Bug #24415 Instance manager test im_daemon_life_cycle fails randomly .
Submitted: 18 Nov 2006 20:26 Modified: 7 Mar 2007 21:57
Reporter: Rafal Somla Email Updates:
Status: Closed Impact on me:
None 
Category:Instance Manager Severity:S3 (Non-critical)
Version:5.0.32 OS:Linux (linux (debian))
Assigned to: Alexander Nozdrin CPU Architecture:Any
Tags: rt_q1_2007

[18 Nov 2006 20:26] Rafal Somla
Description:
Test im_deamon_life_cycle fails randomly with message 

mysqltest: At line 45: query 'START INSTANCE mysqld2' failed: 2002: Can't connect to local MySQL server through socket '/ext/mysql/bkroot/mysql-5.0/mysql-test/var/tmp/im.sock' (111)

Sometimes this error is preceded by the following warning:

mysql-test-run: WARNING: check_expected_crash_and_restart couldn't find an entry for pid: 24316

This was detected while testing main 5.0.32 tree.

This is a known problem which reappears in many bug reports: BUG#21331, BUG#22379, BUG#19362, BUG#15934 to name few.
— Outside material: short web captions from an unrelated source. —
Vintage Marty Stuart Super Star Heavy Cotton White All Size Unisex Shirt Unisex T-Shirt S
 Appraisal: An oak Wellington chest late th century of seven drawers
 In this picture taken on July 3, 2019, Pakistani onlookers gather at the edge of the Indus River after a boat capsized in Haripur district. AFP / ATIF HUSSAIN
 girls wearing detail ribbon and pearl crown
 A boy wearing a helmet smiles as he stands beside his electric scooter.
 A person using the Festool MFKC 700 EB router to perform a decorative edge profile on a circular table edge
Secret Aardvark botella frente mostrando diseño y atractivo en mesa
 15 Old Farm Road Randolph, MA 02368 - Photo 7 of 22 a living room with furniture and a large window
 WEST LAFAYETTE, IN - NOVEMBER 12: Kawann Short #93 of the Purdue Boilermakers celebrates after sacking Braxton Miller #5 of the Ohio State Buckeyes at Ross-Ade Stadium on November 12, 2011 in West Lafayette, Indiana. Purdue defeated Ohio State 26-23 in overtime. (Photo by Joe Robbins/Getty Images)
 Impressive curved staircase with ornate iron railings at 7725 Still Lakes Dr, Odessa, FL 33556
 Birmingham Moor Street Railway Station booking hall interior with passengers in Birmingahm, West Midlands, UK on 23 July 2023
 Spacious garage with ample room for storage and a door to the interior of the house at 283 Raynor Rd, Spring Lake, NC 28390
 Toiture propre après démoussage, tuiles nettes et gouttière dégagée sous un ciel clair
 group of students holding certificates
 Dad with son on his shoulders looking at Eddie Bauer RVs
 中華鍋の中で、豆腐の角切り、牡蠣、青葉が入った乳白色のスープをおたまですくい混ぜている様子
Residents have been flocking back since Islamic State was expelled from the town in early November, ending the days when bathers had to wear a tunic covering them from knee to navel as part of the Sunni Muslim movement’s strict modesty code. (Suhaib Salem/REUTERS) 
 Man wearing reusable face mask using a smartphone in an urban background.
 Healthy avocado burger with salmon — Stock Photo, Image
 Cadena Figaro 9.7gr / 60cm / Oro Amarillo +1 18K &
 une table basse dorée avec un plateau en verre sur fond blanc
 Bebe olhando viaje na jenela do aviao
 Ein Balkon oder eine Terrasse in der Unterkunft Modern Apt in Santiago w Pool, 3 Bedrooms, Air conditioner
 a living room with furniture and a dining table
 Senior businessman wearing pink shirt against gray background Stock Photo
All merged fixes are up to version 5.0.30. See also BUG#20294 and BUG#22815.

Note that the error mesage above is different from errors reported in other bug entries.

How to repeat:
mysql-test-run.pl im_daemon_life_cycle
[20 Nov 2006 15:51] Valeriy Kravchuk
Thank you for a problem report. Please, send the results of

uname -a

and exct configure command line (or script) you used to build.
[21 Nov 2006 17:35] Rafal Somla
This might be useful: after runing the test the log file (r/im_daemon_life_cycle.log) looks as follows:

SHOW VARIABLES LIKE 'server_id';
Variable_name	Value
server_id	1
SHOW INSTANCES;
instance_name	status
mysqld1	online
mysqld2	offline
Killing the process...
Sleeping...
Success: the process was restarted.
Error: server does not accept connections after 30 seconds.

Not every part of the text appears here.